§ **Work to complete**
Word for word, set down every line of the entries below from the line with "Hey everyone, this" to the line with "Under amount available, you'll", including both, and no other line.

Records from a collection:
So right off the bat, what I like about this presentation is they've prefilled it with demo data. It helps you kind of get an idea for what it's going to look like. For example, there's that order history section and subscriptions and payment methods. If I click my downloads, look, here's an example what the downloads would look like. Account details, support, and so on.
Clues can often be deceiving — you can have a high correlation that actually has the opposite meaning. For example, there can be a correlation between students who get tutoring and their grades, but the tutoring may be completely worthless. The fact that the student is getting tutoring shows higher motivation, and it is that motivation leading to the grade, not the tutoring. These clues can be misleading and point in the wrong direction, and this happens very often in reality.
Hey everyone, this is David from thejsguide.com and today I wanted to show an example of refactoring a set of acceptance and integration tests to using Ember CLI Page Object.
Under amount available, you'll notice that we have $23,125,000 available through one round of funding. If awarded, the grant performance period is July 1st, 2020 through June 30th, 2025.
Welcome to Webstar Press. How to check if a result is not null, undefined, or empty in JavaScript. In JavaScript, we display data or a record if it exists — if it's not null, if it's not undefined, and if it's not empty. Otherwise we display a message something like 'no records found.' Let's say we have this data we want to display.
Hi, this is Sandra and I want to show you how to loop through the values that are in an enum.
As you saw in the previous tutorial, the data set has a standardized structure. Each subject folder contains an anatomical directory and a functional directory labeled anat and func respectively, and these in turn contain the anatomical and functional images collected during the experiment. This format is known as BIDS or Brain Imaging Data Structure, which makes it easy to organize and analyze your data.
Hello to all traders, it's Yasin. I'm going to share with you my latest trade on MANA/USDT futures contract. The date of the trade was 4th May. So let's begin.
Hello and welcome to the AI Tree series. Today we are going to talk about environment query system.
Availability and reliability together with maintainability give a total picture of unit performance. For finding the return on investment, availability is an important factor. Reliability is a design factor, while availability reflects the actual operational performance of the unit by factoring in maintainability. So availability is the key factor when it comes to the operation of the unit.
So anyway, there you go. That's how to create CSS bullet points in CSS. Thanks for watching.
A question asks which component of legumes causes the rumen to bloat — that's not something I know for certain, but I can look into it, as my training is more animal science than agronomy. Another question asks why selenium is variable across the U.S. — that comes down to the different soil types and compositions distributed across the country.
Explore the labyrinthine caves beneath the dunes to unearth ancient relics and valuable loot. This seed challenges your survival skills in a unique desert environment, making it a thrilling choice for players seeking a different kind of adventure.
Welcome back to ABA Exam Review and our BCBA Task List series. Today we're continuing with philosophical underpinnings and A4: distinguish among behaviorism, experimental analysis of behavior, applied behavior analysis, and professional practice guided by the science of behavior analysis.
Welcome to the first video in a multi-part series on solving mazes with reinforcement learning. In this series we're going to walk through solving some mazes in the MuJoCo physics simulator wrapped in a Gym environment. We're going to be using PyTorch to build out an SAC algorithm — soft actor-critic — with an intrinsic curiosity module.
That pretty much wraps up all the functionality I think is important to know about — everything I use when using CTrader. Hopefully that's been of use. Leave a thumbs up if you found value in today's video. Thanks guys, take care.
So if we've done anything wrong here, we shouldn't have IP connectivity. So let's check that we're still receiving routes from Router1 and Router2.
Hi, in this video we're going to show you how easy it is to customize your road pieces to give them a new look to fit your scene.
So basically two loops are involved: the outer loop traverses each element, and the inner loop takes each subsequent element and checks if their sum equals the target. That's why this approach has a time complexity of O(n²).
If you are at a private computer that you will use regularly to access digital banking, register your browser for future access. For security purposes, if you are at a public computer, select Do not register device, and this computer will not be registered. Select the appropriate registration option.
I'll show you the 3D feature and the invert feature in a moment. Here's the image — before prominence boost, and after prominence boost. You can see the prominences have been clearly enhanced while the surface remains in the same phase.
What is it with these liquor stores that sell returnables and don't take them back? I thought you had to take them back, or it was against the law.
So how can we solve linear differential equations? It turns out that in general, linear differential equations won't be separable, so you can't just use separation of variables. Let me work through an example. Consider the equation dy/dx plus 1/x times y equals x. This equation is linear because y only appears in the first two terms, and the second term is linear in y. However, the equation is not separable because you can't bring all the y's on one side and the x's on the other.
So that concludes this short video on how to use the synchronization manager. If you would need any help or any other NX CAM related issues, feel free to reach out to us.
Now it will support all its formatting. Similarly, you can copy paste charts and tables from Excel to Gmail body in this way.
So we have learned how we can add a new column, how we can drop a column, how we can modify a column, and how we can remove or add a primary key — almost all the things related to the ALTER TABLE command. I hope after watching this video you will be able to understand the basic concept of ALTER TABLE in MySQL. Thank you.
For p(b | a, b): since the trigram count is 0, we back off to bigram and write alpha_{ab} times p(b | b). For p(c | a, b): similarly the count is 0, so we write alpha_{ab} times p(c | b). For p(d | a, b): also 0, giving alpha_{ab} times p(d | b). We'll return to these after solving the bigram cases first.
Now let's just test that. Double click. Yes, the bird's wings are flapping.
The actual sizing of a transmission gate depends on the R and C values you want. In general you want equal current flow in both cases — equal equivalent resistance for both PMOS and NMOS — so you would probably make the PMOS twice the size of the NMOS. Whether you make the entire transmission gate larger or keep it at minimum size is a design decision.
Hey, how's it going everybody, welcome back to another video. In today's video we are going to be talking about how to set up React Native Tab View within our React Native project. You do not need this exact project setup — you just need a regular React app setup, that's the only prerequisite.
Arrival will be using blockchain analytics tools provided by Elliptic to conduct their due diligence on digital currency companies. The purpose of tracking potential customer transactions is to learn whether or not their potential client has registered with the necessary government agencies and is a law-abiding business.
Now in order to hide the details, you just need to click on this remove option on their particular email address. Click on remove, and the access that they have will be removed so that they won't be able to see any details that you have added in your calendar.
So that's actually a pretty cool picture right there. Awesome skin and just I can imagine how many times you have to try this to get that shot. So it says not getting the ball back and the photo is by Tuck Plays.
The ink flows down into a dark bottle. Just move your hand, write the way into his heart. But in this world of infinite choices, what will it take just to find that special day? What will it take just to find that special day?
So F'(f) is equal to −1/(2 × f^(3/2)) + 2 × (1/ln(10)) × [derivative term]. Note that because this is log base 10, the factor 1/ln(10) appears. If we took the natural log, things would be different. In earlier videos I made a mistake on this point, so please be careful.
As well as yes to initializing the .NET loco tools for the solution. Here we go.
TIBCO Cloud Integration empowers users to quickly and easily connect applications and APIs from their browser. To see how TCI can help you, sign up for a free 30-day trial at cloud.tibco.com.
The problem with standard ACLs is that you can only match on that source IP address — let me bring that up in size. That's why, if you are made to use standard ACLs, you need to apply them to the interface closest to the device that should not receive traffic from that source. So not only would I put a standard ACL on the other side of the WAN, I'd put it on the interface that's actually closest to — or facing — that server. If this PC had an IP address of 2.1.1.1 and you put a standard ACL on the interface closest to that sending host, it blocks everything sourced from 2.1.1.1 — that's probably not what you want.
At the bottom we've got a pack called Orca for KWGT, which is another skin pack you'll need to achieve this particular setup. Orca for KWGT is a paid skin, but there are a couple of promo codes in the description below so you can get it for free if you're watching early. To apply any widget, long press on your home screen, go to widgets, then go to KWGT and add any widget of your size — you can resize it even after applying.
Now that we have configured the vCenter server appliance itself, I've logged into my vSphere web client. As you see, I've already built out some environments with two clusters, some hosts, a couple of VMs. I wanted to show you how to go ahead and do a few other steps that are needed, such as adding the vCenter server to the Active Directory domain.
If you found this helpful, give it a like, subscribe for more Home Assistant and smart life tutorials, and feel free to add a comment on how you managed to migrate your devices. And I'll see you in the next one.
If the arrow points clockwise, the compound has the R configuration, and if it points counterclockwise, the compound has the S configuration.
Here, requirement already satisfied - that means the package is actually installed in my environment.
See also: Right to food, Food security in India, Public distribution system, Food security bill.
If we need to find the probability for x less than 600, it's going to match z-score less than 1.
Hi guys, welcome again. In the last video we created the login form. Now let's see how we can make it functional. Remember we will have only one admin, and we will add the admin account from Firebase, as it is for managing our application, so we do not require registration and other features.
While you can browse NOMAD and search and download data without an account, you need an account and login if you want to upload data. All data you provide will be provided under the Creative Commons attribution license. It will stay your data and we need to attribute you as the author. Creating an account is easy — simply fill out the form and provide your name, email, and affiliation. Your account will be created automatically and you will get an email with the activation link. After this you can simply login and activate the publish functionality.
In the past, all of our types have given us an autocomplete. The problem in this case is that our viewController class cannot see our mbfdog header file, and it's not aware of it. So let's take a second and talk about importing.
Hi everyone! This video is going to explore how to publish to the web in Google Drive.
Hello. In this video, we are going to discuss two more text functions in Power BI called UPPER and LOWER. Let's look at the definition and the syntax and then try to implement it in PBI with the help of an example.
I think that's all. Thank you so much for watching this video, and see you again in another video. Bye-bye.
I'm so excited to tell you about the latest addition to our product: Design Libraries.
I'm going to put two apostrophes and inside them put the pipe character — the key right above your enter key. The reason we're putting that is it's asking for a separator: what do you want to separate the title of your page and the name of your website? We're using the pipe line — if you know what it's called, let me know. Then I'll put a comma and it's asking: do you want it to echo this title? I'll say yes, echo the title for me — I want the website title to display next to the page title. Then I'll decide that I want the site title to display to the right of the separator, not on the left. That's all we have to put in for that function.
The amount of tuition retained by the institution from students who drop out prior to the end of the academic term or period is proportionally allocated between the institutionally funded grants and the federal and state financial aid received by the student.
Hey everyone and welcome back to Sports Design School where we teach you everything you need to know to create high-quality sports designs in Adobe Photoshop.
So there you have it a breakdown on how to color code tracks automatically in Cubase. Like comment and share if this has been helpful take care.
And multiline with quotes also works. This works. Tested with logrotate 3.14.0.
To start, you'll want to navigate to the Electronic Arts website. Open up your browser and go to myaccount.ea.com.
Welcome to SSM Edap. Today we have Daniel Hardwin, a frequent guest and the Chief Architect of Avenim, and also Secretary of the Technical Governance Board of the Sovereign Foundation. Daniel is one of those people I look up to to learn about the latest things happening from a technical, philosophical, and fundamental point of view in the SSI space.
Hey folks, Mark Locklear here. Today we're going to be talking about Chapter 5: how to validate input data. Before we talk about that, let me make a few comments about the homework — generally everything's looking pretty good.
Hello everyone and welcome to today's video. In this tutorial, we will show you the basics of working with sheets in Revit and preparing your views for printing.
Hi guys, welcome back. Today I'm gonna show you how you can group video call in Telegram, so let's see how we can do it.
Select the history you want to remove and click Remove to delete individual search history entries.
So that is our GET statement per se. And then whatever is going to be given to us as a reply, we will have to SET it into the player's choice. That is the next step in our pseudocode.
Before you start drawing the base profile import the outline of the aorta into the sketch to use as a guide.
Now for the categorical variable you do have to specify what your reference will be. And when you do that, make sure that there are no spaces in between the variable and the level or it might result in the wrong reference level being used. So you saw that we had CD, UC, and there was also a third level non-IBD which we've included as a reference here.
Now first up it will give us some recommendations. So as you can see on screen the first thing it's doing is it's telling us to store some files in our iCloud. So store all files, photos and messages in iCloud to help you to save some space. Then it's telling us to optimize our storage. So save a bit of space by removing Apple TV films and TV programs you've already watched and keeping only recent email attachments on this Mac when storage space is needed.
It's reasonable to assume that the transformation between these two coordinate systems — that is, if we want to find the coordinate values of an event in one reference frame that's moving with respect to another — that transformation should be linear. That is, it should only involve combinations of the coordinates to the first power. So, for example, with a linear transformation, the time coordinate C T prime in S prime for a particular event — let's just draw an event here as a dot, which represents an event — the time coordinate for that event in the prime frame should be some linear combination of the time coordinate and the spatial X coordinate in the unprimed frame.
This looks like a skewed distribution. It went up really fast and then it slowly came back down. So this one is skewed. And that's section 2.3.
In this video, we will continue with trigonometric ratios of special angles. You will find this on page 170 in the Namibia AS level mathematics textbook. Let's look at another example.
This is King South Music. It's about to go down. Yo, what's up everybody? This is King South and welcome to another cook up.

§ **Completed exercise**
Hey everyone, this is David from thejsguide.com and today I wanted to show an example of refactoring a set of acceptance and integration tests to using Ember CLI Page Object.
Under amount available, you'll notice that we have $23,125,000 available through one round of funding. If awarded, the grant performance period is July 1st, 2020 through June 30th, 2025.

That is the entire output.